In African customary law this concept has existed from time immemorial – indeed formal court system has never existed in Africa.
Village elders had devised ways and means of not only adjudicating disputes but even imparting redress and punishment. In the era of colonialists and even presently chiefs under the Chief’s Act settle disputes informally.
Dispute resolution
In civil jurisdictions, the Constitution provides the conceptional efficacy of dispute resolution and Article 159 (2) (c) states that courts shall be guided by alternative forms of dispute resolution including reconciliation, mediation, arbitration and traditional dispute resolution mechanisms.
Civil Procedure Act makes several references to ADR and stipulates that courts can refer parties to arbitration or parties can make a formal application to have the matter referred to arbitration or ADR before judgement is pronounced.
Such is the development of ADR that there exists the most modern system known as ODR - Online Dispute Resolution or e- ADR which uses electronic media to assist the resolution of disputes, usually without the parties meeting or speaking directly. ODR involves blind bidding, based on mathematical process or the use of real person who operates as a neutral party over the internet.
Contrast, this world of arbitration if you consider internet on one side and the busaa sipping wazees still solving boundary disputes between neighbours or brothers!
Alternative Dispute Resolution concept, in addition to ODR, has six other accepted methods – arbitration, adjudication, conciliation, early neutral evaluation (ENE), mediation and negotiation.
Arbitration involves an impartial independent and knowledgeable third party, often an expert in the field of dispute, chosen by the disputants, who hears both sides of disagreement. The Arbitration award is binding under the Arbitration Act. Good practice, reasonableness and non-adherence to technicalities and evidential rules expedite the process.
This method is now widely used in matters of building contracts, international disputes, employment rights and customer disputes.
Most agreements now have an arbitration clause and once an arbitration clause is inserted in the agreement the jurisdiction of the courts is excluded. This method of ADR is becoming expensive, slow and cumbersome though there exists in Kenya the Chartered Institute of Arbitrators-Kenya Branch which promotes arbitration.
Adjudication is a binding determination by an appointed neutral third party either by deciding a dispute on basis of submitted documents or after listening to the parties. In some countries statutory adjudication is a mandatory prerequisite, prior to parties jumping to the court process.
This process is often adopted when the contract subsists e.g. the cases of building contracts. Since either party has the option to have the same dispute litigated, adjudication does not necessarily achieve final determination. Due to speed, simplicity and flexibility of the process adjudication is fast taking over the formal arbitration process.

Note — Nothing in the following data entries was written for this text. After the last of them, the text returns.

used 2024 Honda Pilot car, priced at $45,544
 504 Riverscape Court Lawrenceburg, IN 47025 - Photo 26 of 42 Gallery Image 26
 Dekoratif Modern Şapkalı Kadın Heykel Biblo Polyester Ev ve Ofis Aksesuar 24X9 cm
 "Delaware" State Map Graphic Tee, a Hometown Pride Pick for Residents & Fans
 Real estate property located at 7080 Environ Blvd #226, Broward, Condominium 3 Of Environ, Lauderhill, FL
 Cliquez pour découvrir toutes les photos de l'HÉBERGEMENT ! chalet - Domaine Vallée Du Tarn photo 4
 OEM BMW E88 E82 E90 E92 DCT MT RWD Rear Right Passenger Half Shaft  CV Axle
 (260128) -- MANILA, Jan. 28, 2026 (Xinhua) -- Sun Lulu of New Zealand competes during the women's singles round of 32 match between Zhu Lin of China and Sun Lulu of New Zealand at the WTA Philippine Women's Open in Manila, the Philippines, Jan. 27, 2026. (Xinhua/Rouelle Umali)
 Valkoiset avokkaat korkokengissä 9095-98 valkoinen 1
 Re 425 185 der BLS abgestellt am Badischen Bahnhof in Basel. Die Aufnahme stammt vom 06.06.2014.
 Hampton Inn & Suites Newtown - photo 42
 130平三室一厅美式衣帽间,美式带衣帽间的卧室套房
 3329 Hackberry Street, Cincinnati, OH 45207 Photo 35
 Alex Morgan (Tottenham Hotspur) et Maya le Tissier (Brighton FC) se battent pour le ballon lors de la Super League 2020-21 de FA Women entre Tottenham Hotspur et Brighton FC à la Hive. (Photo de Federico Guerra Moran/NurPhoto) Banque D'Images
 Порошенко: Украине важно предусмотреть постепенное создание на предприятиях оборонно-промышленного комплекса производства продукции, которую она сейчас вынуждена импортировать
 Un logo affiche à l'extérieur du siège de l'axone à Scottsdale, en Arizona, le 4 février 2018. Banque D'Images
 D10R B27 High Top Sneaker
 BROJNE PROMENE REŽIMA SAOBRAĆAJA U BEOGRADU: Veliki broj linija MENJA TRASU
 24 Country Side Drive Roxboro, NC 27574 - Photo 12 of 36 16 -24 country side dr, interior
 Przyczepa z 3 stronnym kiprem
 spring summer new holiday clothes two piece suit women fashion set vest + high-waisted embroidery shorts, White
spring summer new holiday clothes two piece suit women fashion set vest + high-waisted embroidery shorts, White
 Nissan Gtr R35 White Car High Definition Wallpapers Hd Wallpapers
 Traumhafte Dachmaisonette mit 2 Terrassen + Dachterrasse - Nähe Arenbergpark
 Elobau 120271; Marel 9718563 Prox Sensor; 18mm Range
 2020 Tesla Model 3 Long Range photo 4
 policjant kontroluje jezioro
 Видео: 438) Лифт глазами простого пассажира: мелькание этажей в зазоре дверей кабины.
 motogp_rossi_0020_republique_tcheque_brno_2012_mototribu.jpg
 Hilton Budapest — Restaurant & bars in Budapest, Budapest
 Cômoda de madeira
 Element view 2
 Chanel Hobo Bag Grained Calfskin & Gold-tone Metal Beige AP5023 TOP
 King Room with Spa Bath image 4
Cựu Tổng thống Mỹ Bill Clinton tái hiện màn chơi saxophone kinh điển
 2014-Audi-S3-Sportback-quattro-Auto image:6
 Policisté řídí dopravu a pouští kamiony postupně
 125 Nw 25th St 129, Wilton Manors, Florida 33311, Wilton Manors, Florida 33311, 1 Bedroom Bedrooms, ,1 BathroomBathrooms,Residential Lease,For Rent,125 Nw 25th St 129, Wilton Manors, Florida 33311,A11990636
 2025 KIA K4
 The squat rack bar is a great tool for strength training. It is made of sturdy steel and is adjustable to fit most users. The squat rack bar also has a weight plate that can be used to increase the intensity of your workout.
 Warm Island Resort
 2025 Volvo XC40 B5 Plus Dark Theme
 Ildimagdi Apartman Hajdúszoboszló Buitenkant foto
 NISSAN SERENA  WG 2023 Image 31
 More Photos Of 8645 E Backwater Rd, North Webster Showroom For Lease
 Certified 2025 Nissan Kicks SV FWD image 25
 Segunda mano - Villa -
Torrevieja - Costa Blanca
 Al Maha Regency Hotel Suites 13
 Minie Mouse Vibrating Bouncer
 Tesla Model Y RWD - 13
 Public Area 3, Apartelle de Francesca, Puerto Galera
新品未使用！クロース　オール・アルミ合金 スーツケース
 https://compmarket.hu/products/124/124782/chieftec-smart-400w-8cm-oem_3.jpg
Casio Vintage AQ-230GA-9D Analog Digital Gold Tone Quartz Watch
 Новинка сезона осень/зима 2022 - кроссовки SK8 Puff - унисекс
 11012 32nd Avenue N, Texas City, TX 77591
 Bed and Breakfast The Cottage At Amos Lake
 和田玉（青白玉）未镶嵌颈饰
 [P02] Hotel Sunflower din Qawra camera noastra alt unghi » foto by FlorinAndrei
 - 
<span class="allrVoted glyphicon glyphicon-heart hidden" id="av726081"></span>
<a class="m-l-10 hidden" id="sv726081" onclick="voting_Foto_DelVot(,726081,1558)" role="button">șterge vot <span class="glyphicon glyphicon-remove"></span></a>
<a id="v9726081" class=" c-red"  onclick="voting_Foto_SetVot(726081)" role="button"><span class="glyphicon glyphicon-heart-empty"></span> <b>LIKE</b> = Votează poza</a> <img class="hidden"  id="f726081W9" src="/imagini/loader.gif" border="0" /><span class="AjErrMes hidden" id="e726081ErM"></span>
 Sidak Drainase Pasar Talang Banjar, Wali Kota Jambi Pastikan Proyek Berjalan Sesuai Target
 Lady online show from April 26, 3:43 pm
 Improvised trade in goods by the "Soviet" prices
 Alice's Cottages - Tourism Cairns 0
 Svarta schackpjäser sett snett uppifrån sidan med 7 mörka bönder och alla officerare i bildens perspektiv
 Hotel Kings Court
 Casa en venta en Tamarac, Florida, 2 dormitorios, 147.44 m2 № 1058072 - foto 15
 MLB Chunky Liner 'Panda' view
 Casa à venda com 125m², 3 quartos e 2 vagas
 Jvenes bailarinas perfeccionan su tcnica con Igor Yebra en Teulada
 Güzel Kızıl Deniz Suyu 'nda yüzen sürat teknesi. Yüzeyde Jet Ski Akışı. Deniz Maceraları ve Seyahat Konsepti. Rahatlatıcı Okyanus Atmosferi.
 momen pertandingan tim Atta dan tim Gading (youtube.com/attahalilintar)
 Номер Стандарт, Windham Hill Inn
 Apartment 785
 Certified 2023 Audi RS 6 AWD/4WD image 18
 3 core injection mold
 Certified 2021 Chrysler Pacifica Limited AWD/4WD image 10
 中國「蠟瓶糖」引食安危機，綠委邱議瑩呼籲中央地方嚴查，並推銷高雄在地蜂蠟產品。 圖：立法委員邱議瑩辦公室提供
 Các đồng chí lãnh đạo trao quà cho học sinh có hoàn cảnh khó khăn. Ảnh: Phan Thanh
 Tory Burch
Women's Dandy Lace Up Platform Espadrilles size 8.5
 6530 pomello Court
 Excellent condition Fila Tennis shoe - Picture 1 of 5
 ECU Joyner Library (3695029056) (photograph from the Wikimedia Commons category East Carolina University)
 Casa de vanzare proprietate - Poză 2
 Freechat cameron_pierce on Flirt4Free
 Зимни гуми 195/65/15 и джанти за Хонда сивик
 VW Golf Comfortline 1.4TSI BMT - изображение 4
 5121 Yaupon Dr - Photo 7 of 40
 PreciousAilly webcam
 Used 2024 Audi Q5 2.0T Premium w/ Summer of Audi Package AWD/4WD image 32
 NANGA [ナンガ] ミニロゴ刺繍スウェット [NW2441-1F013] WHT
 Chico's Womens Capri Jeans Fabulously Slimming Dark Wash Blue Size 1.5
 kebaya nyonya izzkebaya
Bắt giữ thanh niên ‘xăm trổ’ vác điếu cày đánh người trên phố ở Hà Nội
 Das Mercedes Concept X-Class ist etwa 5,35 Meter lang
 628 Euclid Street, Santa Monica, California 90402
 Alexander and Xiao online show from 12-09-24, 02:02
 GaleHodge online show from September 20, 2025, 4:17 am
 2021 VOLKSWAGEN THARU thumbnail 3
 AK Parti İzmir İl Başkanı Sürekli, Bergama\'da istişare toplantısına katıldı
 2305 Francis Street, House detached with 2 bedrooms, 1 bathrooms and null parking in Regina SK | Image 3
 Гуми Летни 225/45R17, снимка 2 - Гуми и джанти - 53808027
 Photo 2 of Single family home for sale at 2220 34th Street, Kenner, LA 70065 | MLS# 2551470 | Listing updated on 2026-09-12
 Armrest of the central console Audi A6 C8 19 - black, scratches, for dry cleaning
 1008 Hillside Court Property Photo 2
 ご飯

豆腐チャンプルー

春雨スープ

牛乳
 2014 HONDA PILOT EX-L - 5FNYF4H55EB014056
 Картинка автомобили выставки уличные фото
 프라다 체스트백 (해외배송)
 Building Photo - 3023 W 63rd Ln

Conciliation and mediation overlap each other in their functions. A conciliator is an independent, impartial third party who promotes dispute resolution by helping parties to come to an amicable decision. Many trade and professional organisations adopt this method. Often the parties in this method do not meet with the neutral third party who works with the warring parties separately to weed out acrimony.
The Early Neutral Evaluation (ENE) has not yet been tested in Kenya. Under this method a third party evaluates the claims made by each side and issues on opinion either on the likely outcome, or on a particular point of law. The opinion, though not binding, can be used by parties when considering how they might proceed with matters in contention. Likewise the opinion can form the basis for settlement.
Realistic outcomes
ENE narrows down the issues, and focuses parties’ minds on realistic outcomes by giving them an objective view of each party’s arguments.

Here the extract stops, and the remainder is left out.